Crawled caption data

*** Begin section ***

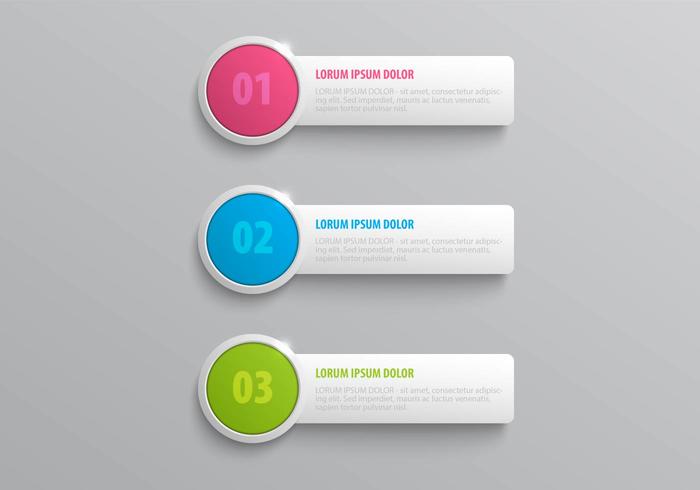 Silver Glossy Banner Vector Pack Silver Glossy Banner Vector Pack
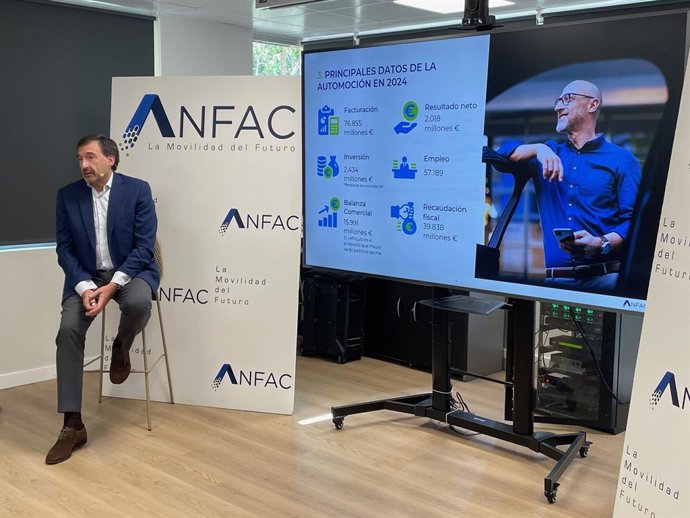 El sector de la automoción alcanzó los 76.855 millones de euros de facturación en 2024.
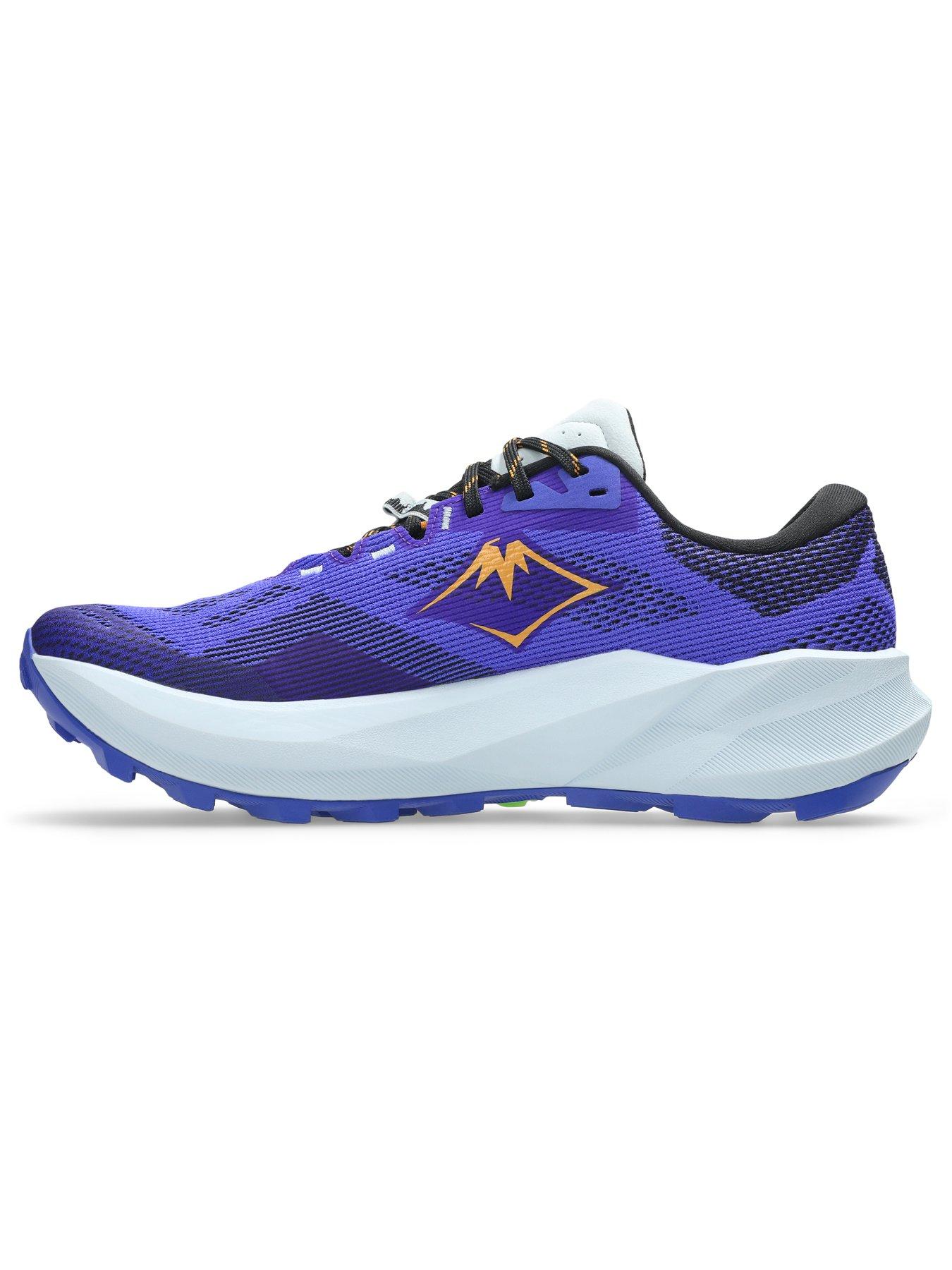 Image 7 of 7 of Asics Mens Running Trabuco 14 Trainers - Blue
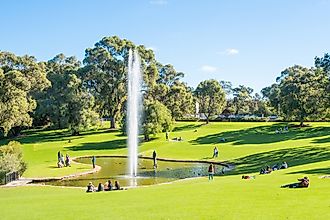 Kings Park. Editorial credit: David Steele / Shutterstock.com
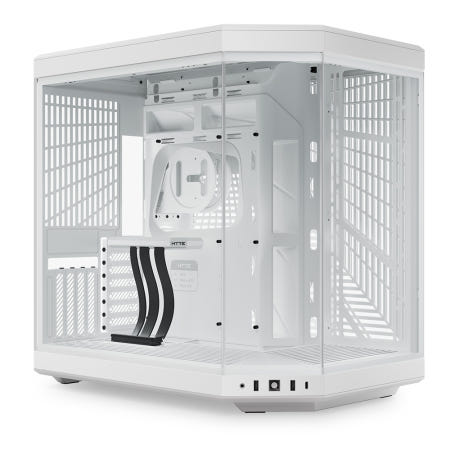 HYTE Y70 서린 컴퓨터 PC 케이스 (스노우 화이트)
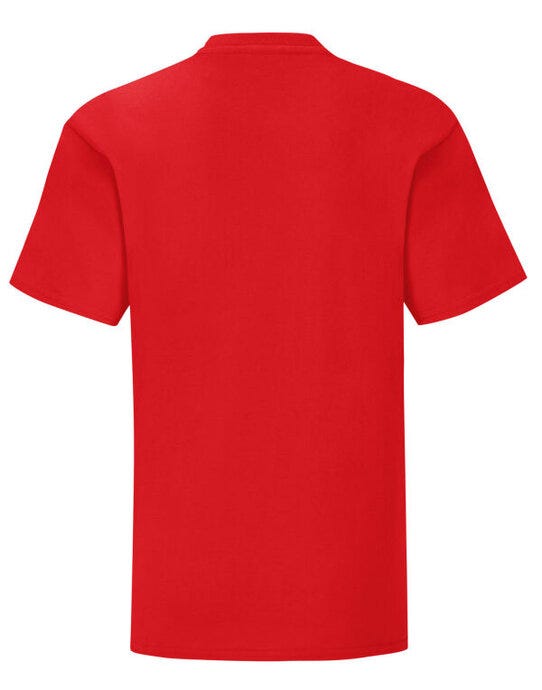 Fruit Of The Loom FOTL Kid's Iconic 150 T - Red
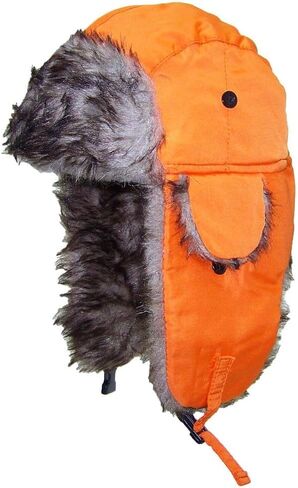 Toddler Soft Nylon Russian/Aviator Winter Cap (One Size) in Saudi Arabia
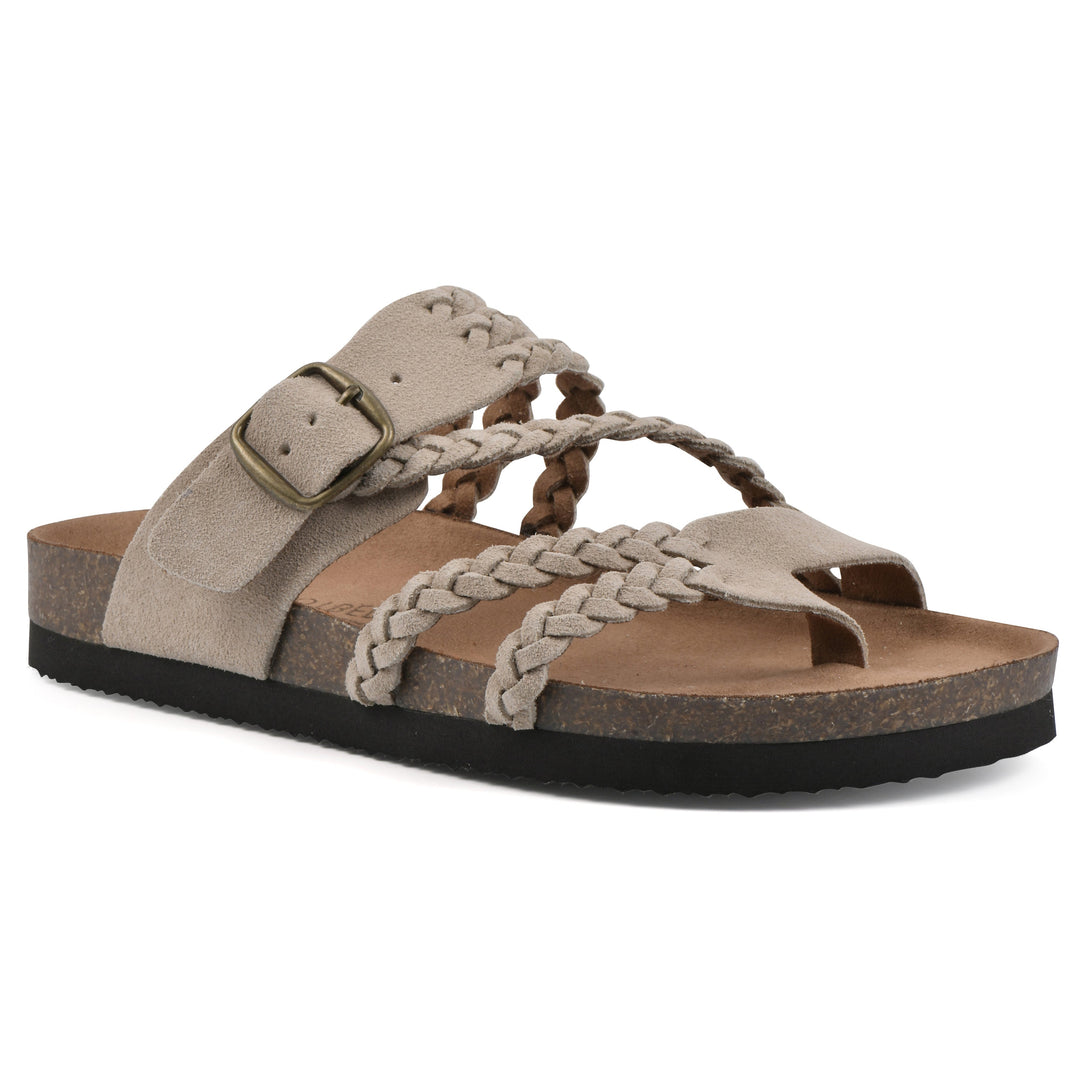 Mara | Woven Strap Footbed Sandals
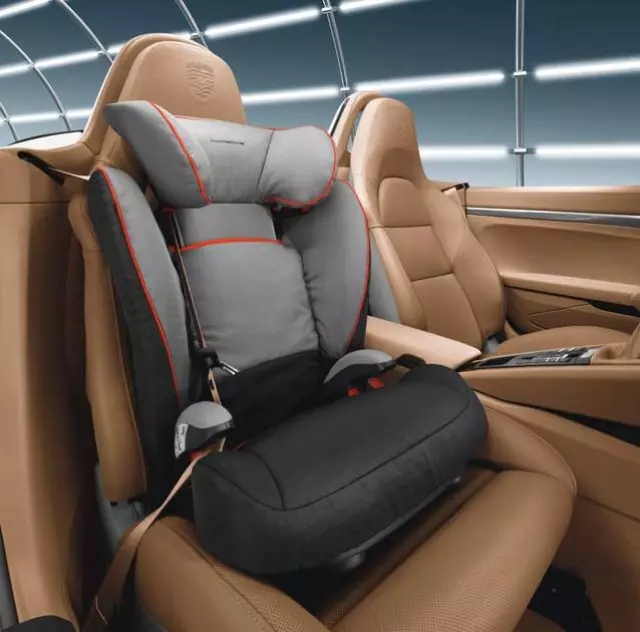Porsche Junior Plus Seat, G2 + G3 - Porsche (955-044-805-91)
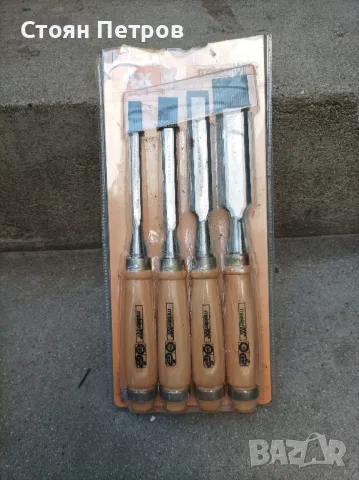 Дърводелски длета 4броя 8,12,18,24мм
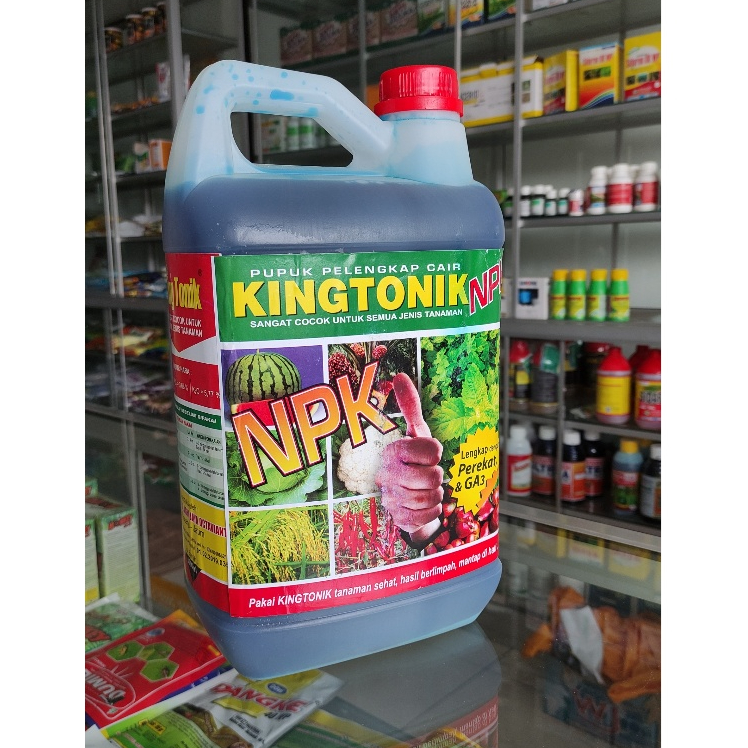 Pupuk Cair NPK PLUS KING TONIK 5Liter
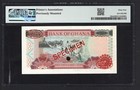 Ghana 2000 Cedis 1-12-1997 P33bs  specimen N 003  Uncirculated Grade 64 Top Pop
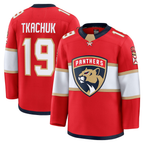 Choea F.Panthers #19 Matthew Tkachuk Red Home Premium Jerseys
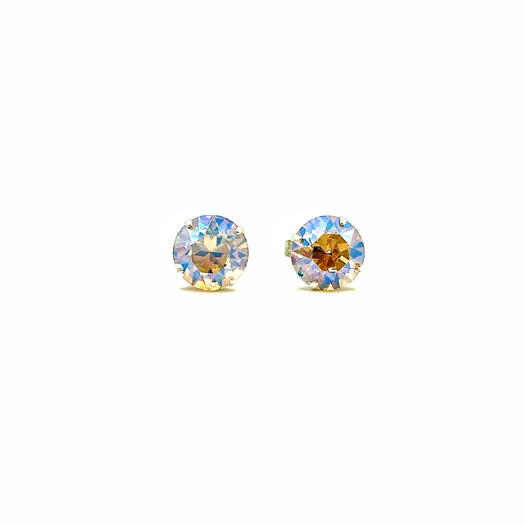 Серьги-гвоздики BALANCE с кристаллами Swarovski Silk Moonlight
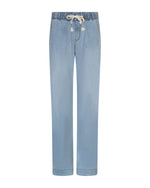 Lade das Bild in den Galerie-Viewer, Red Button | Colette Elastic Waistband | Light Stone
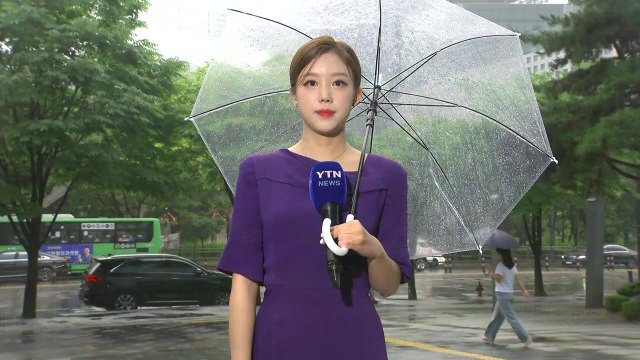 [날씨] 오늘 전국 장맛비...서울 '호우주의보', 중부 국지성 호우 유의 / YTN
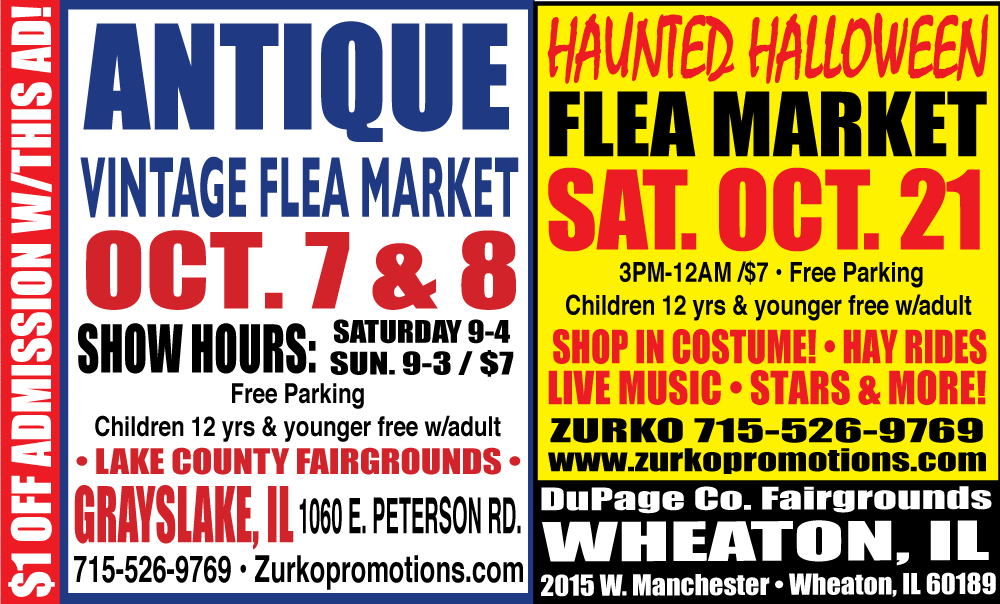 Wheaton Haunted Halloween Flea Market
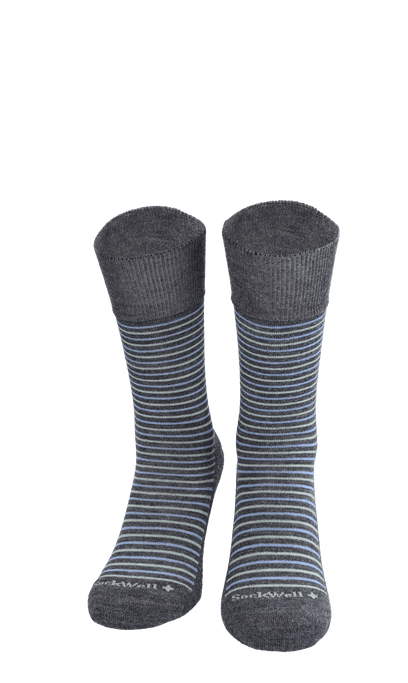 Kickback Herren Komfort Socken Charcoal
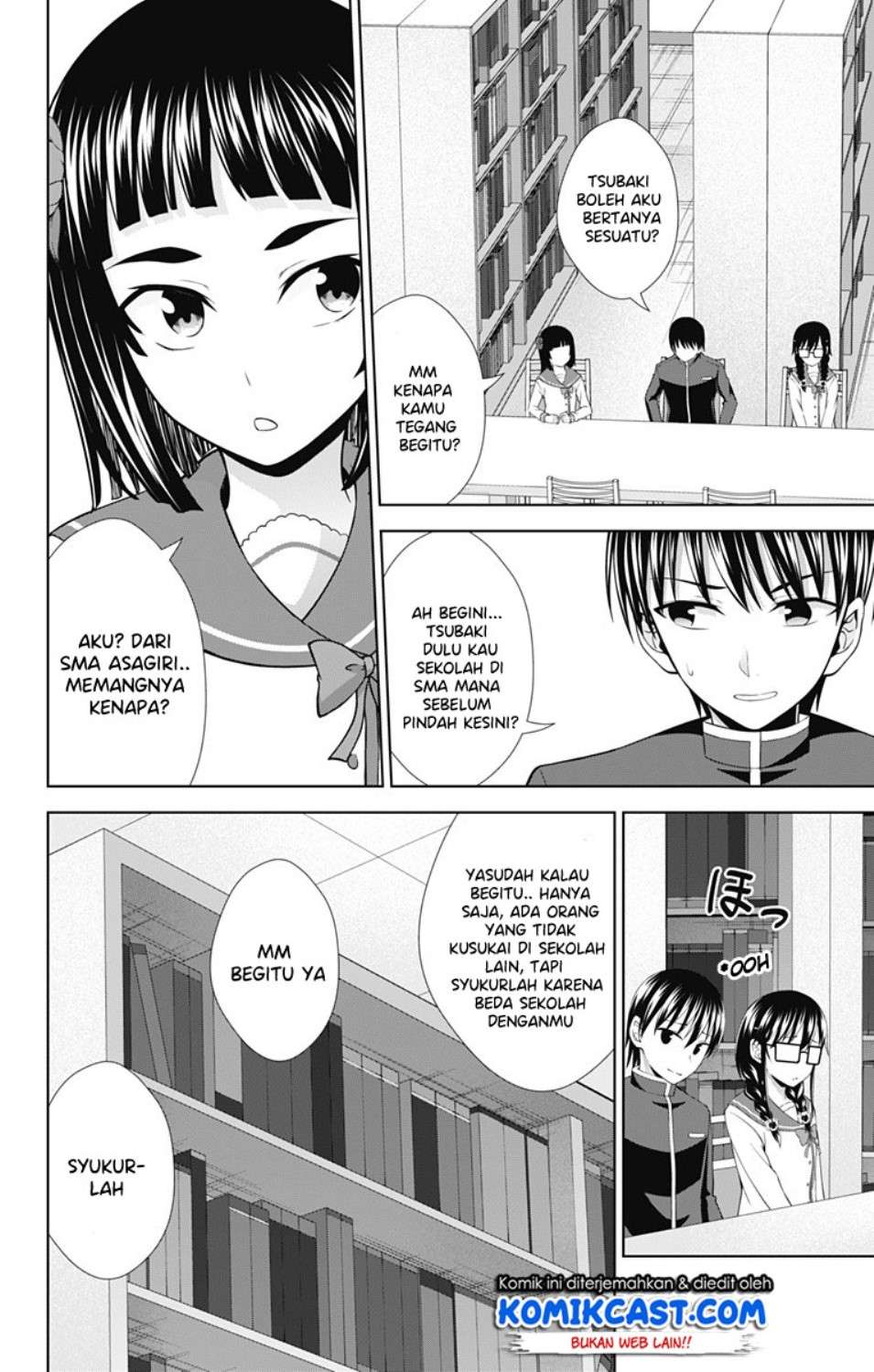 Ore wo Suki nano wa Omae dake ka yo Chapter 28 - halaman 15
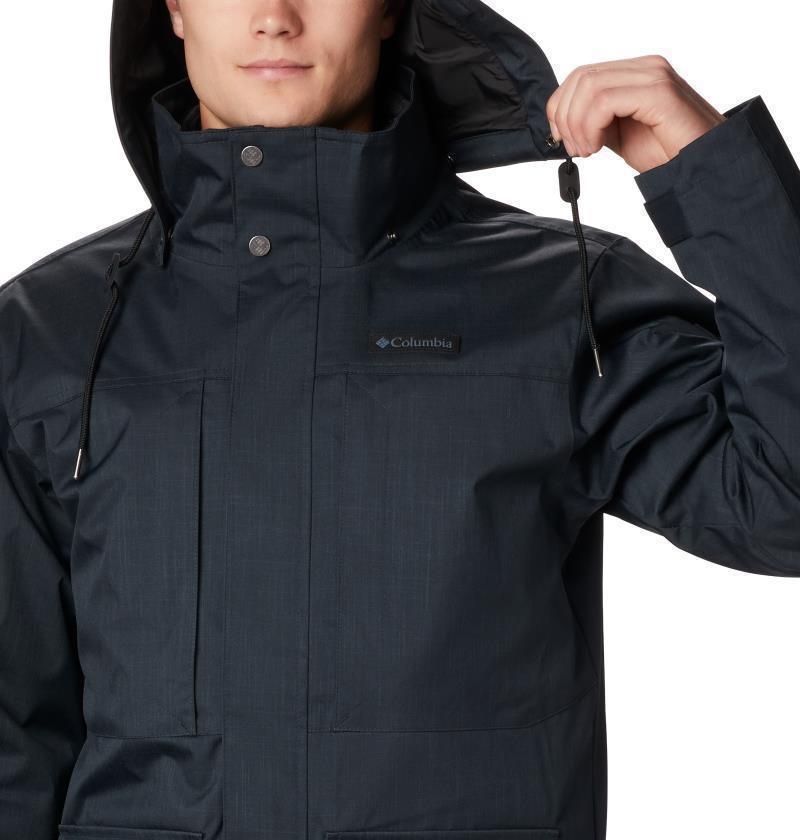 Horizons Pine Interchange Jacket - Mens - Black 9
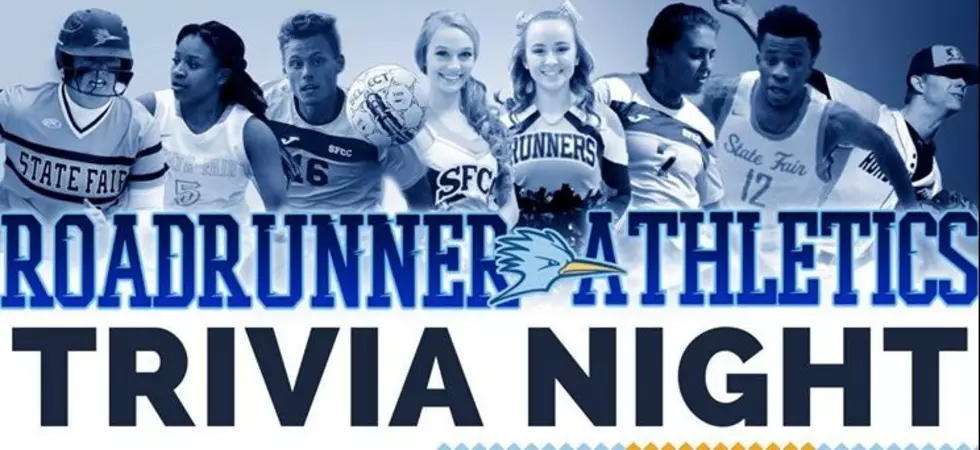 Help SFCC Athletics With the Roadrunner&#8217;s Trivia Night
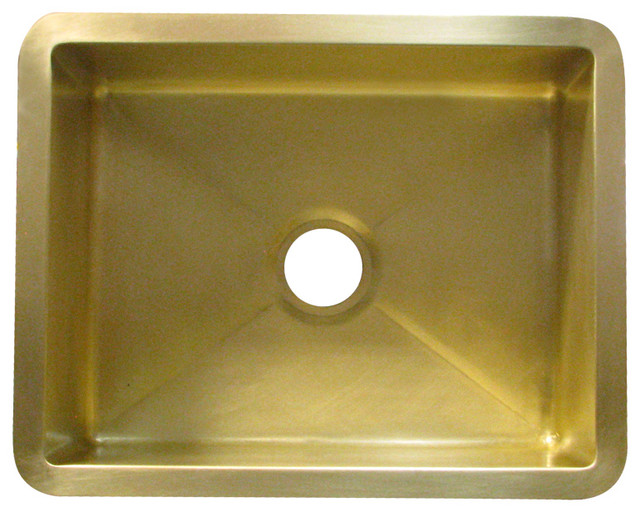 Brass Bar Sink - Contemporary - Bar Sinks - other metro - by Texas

*** End section ***

§ Problem
Print exactly the lines from the first line of the records above through the line containing "Серьги-гвоздики BALANCE с", both included, and leave the pictures out.

§ Output for this task
 Silver Glossy Banner Vector Pack Silver Glossy Banner Vector Pack
 El sector de la automoción alcanzó los 76.855 millones de euros de facturación en 2024.
 Image 7 of 7 of Asics Mens Running Trabuco 14 Trainers - Blue
 Kings Park. Editorial credit: David Steele / Shutterstock.com
 HYTE Y70 서린 컴퓨터 PC 케이스 (스노우 화이트)
 Fruit Of The Loom FOTL Kid's Iconic 150 T - Red
 Toddler Soft Nylon Russian/Aviator Winter Cap (One Size) in Saudi Arabia
 Mara | Woven Strap Footbed Sandals
Porsche Junior Plus Seat, G2 + G3 - Porsche (955-044-805-91)
 Дърводелски длета 4броя 8,12,18,24мм
 Pupuk Cair NPK PLUS KING TONIK 5Liter
 Ghana 2000 Cedis 1-12-1997 P33bs  specimen N 003  Uncirculated Grade 64 Top Pop
 Choea F.Panthers #19 Matthew Tkachuk Red Home Premium Jerseys
 Серьги-гвоздики BALANCE с кристаллами Swarovski Silk Moonlight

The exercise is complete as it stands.